Eats: sriracha chicken

Team P is quite the fan of hot wings. But also? Chinese food. So when I recently came across a recipe for what is essentially Asian-style hot wings, I was happy to add them in the rotation as a best-of-both-worlds sort of dish. And this recipe doesn't even have any bones to chew around like with real hot wings! You guys know how I feel about chicken bones. GE-ROSS.
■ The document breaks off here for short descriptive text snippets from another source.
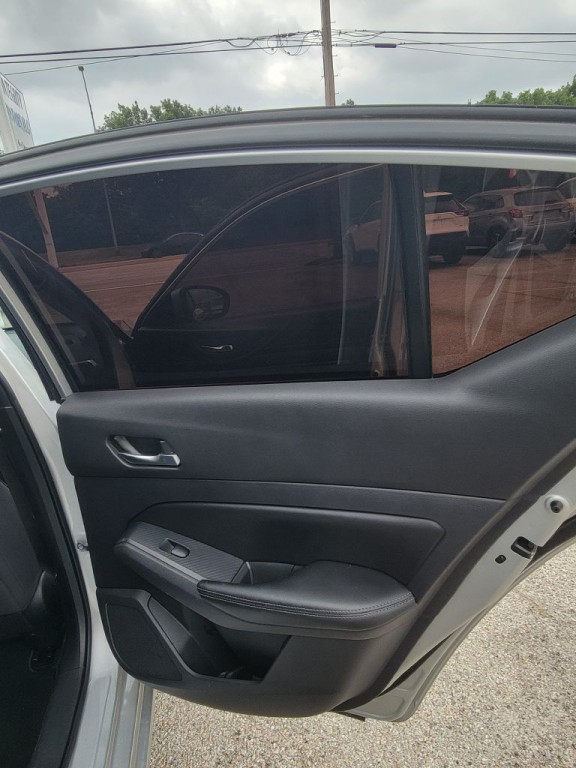 2019 Nissan Altima Image 14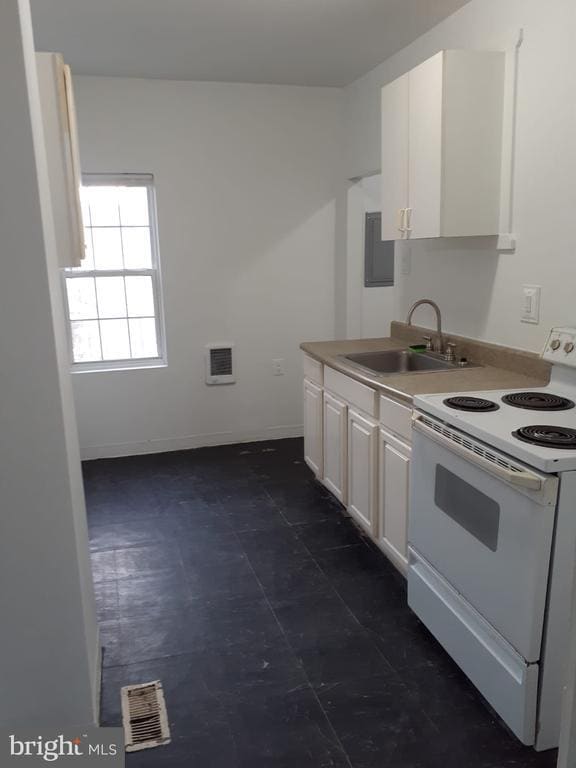Building Photo - 248 E Cambria St
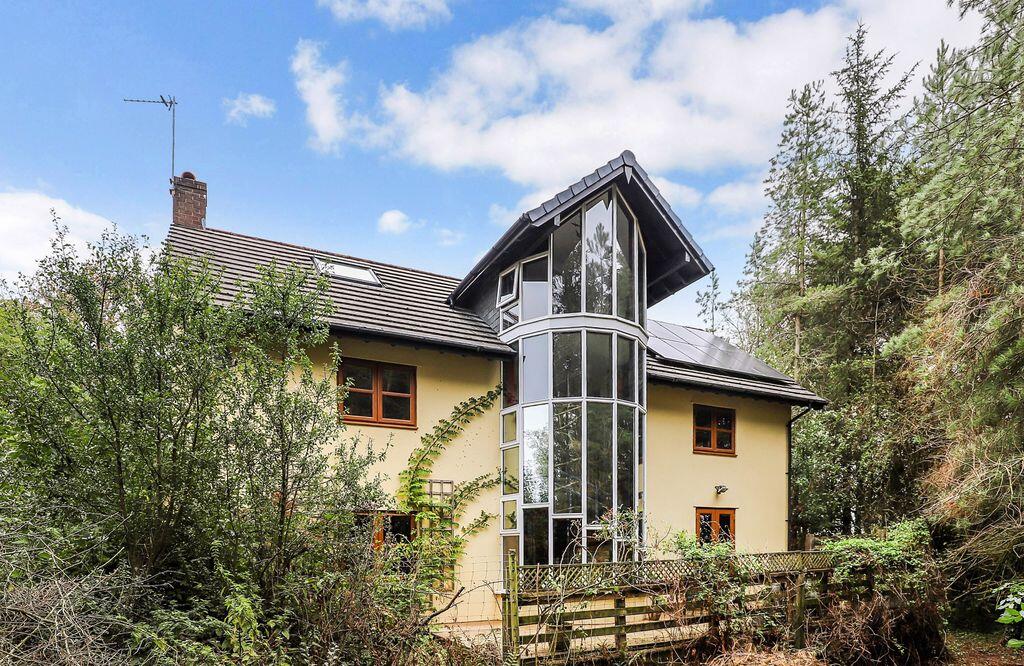 Main image of property: Whitestone, Exeter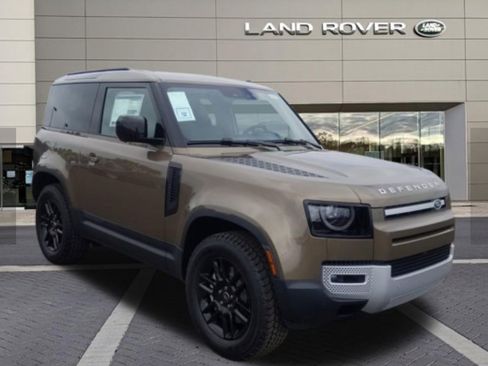 Used 2023 Land Rover Defender 90 SE image 1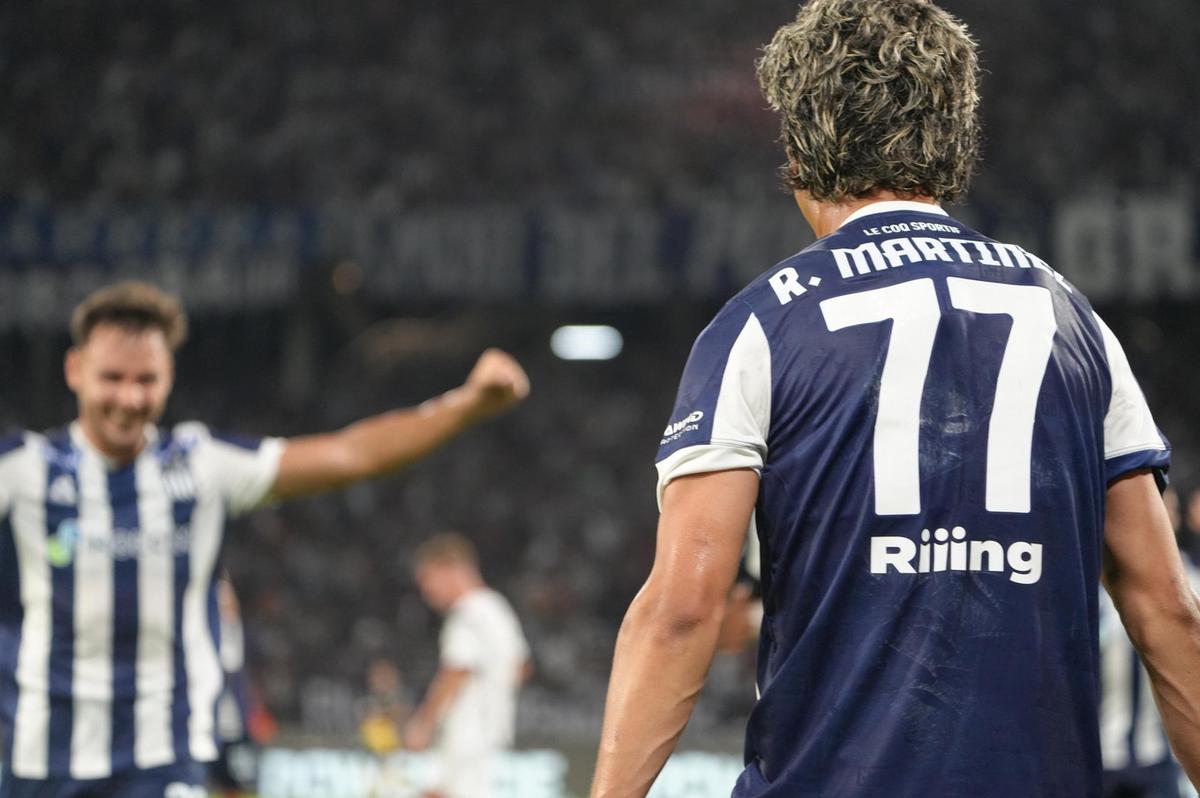 Ronaldo Martínez celebra la apertura del marcador en su estreno en Talleres.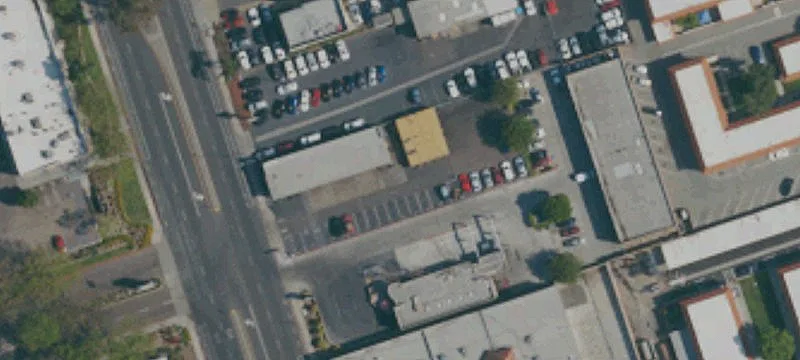1135 Broadway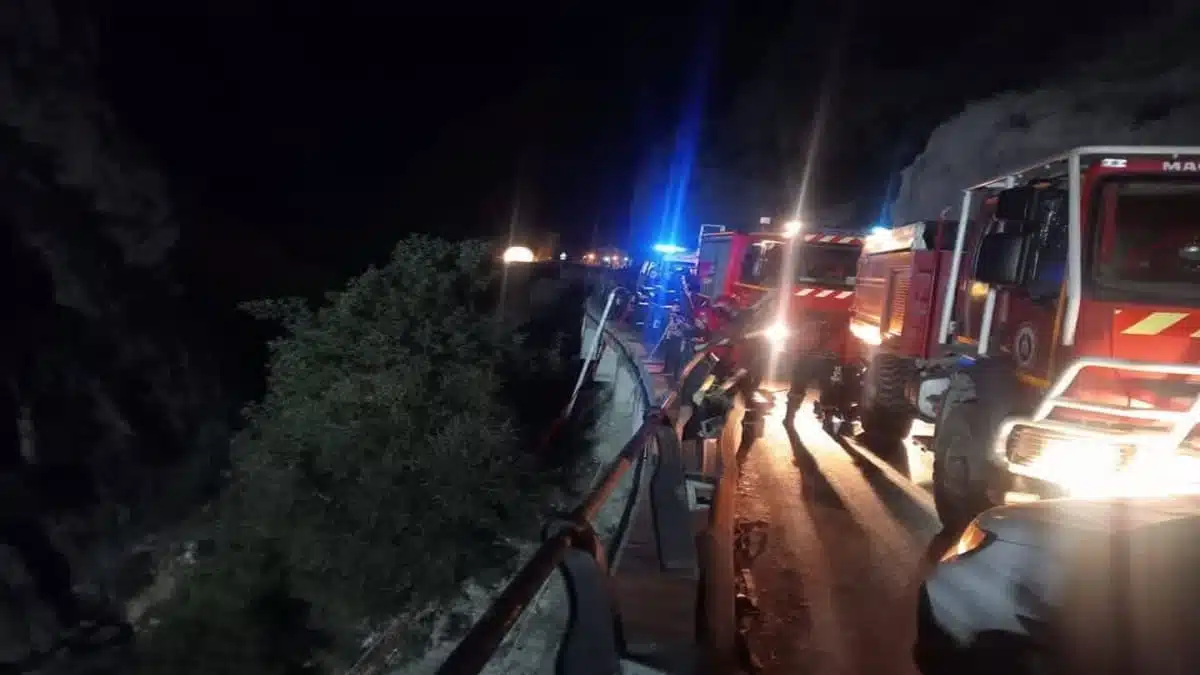 Gorges de Kherrata : un semi-remorque plonge dans le ravin, un mort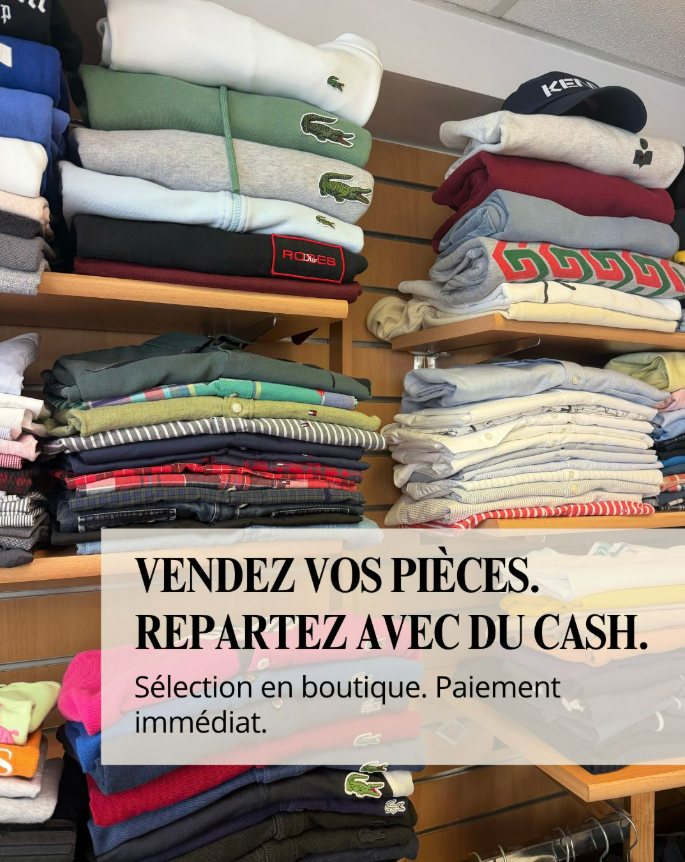 Des étagères avec des vêtements d'occasion pliés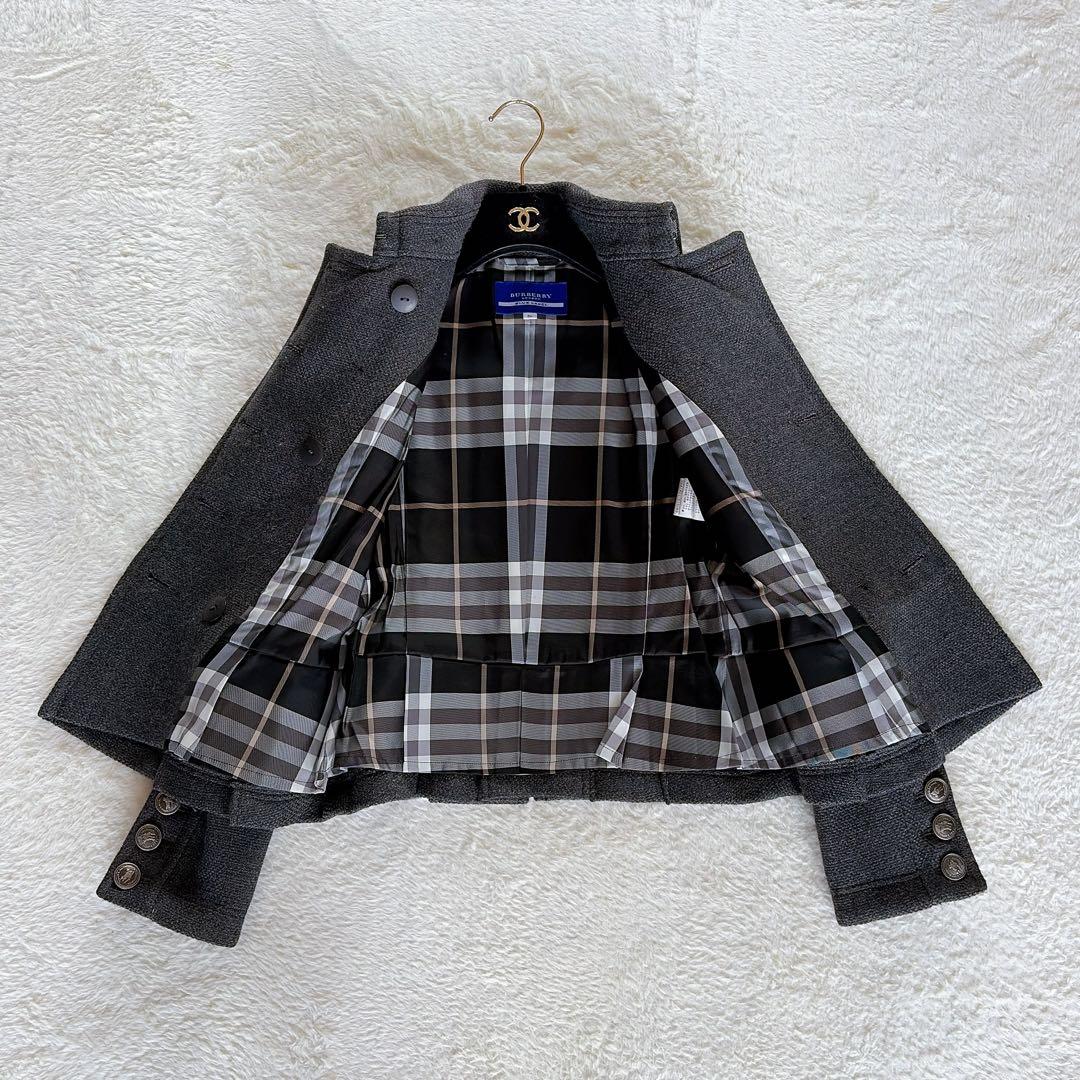 極美品✨【バーバリーブルーレーベル】銀ボタン ダブルショートコート 裾プリーツ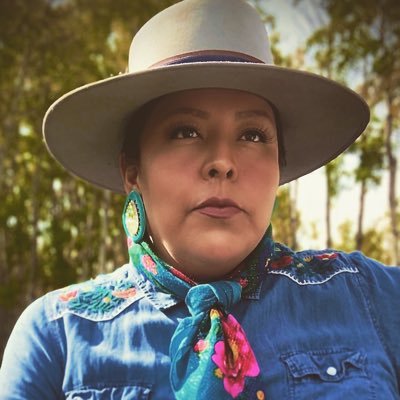 Journalist, Rodeo Competitor, Indigenous Artisan, Basically a lady of trades and hobbies!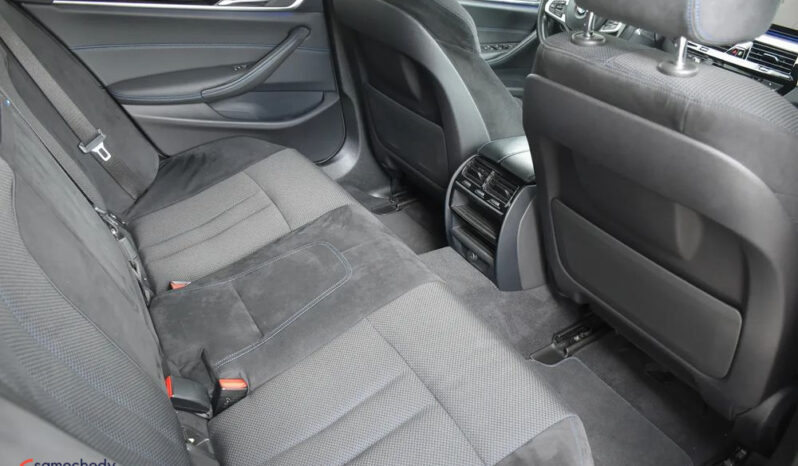 BMW Seria 5 530i xDrive M Sport Edition full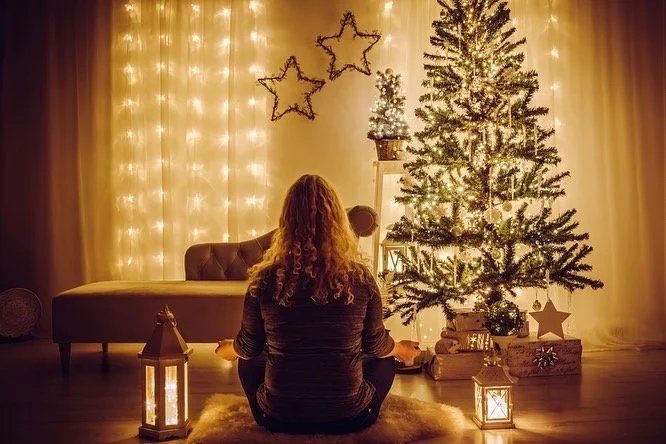 Christmas Yin Yoga &amp; Soundbath – Dein stiller Moment im Advent mit Amélie &amp; Nicole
The recipe comes from here (you’ll note some other recipes I’ve written about have come from that site) and it makes use of this stuff:


It’s that “rooster sauce”, and no matter what prejudices you have against eating meat at Chinese restaurants and whatnot, there is no actual rooster involved here. That I know of. This is actually called sriracha hot sauce, and until recently I only vaguely recognized it as the bottle next to the soy sauce on the table at Chinese restaurants. I’d never actually tried it, so for all the promise of “ASIAN HOT WINGS YEAH!” this was still sort of a gamble. But I was happy to find it at our Kroger, in the “ethnic” aisle with the other Asian-style ingredients.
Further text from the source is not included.